Cervical canal stenosis is a condition where the spinal canal in the neck narrows, putting pressure on the spinal cord and nerves, resulting in pain, numbness, issues with balance, or weakness in the arms, hands, and legs. It is commonly seen in people over the age of 50 and is often related to the natural aging process. However, cervical stenosis can also be caused by other factors, including trauma, disc herniations, tumors, spondylolisthesis (spinal misalignment of vertebra), and other conditions.

The cervical spine, located at the base of the skull, is made up of the first seven vertebrae in the spine. The spinal cord runs through the spinal canal, which is an opening in each vertebra, from the base of the skull to the lower back. The vertebrae are separated by intervertebral discs and connected by facet joints and held together by ligaments.

However, as we age or due to other factors listed above, these discs, vertebrae, and joints can break down, leading to bulging discs, thickened ligaments, and the formation of bone spurs around the discs and joints. These changes can cause the spinal canal to narrow, leading to stenosis and compressing the nerves, irritating or damaging the spinal cord.
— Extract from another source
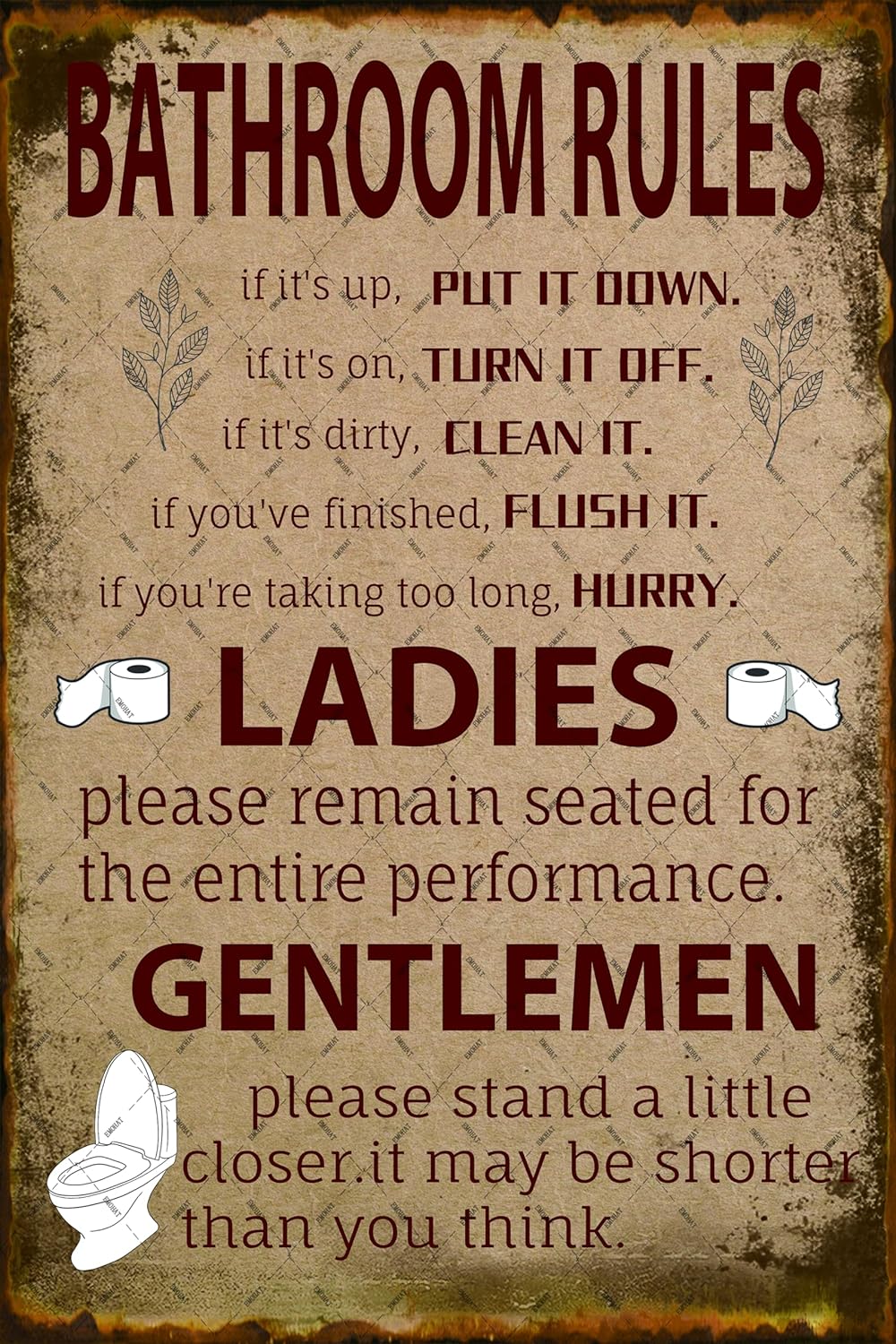 Home Bathroom Rules - กฎห้องน้ำ ป้ายโลหะ ป้ายตกแต่งห้องน้ำสไตล์วินเทจ ของตกแต่งผนัง โปสเตอร์สำหรับตกแต่งบ้าน ห้องน้ำ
Damage to the spinal cord can present as inflammation (edema) and over time can shrink in size (atrophy). If these findings are seen on an MRI scan, it is referred to as myelomalacia. If myelomalacia is found or suspected in the neck or mid-back region, it is considered a more serious type of cord compression that may require immediate surgical intervention and consultation with a spine surgeon.

Symptoms

Symptoms of degenerative cervical canal stenosis begin to appear around age 50 or later. Other causes of cervical stenosis (like trauma, herniated discs, etc) may cause it earlier in age. Numbness and tingling in the arms, hand & legs are the most common symptoms. Other symptoms include:

  • Neck or shoulder pain or stiffness
  • Weakness, loss of control, or loss of strength in the arms and even the legs
  • Loss of balance and coordination
  • Incontinence

Diagnosis

A history and physical examination by a physician is the first step in diagnosing cervical canal stenosis. The physician will ask about previous neck problems, duration and severity of pain, and whether other symptoms are present. The physician will likely check neck mobility, balance, reflexes, sensation, arm & leg strength as well as other signs of nerve function. The physician may order additional tests, including:

  • X-rays
  • CT or MRI scan to better visualize nerves and discs
  • Myelogram: In this test, a dye is injected into the spinal canal and then an X-ray and/or CT is taken.

Treatment

Treatment options depend on the duration and severity of symptoms. If symptoms are mild to moderate, the physician may recommend:

  • Pain medicine
  • Anti-inflammatory medication
  • A cervical collar or brace to stabilize the neck and protect the spinal cord from further injury)
  • Exercises to strengthen the neck and increase neck flexibility
  • Physical therapy, including heat/cold packs, massage or electrical stimulation to reduce muscle tension
  • Acupuncture
  • Spinal traction therapy

 

If left untreated, cervical canal stenosis can result in partial or permanent paraplegia. If symptoms persist, are severe or imaging shows the spinal cord or nerves are being compressed, surgery may be recommended. Surgical procedures for cervical canal stenosis may include the following or a combination of the following procedures:

  • Laminectomy, opening the bony spinal canal from the back of the vertebra to relieve the pressure on the spinal cord
  • Discectomy, the removal of a herniated or bulging disc that may be pressing on nerve roots
  • Spinal fusion, joining (fusing) vertebrae together to provide stability to the spine
  • Disc Arthroplasty: removal of the disc and replacement with a prosthetic disc

 

Use caution when treating symptoms related to cervical canal stenosis. Exercise, medication, and therapy may be recommended, but surgery may be necessary if conservative options are ineffective. Early surgical intervention may be best for severe cases.